On my trip to Kauai a few weeks ago I was constantly checking in with those voices to begin to discern the differences between them. One particularly poignant moment, was when an inner voice told me to go watch the sunrise at a favorite cove of mine. When I got to the top of the cove, I suddenly realized I had to walk through a dense forest in pitch blackness to get to the beach. Fearful voices that weren’t my instinct kept telling me to go back to the car ASAP and go home. When I checked within to see if it was an intuitive hit or just fear, I didn’t feel it in my body and it seemed like a knee jerk reactive kind of fear. I took a deep breath and used the light on my phone to light my path. I made my way slowly and cautiously down the steep slope. When I came out the other end I felt as if I had been birthed. When I reached the beach where the light was just appearing I felt immense relief and I felt victorious. I walked up to some rocks at the edge of the sea and began watching the most glorious sunrise I have ever seen. Challenging myself was a big moment in winning the battle between my fear of the unknown and wanting to see the world in it’s finest moment.

Our egos are our sense of identity and we all need to have healthy aspects of our ego to survive in this world. When the ego begins to undermine our highest good with fear talk, and questioning us with doubtful, nagging, voices of self hatred then we need to check it as we would with an annoying child. How do we do that?

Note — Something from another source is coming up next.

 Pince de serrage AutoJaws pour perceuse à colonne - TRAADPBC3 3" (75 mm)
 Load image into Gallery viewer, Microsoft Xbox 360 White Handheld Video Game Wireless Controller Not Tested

~ By acknowledging the ego it begins to lose some of its power over us.
~ Surrender and trust that our intuition knows better than our ego.
~ Mediatate or have a practice so you are constantly having a relationship with your inner source.
~ Differentiate between intuition which is usually a sudden jolt and is felt in the body, rather the ego’s voice which is usually about saving our asses from some form of humiliation.
~ Read books on the subject, My favorite one these days is Guided by Hans Christian King. Another simple, concise one is Blink.

~ Practice certain kriyas or mantras to help the intuitive forces.

~ Clear the Pituitary Gland.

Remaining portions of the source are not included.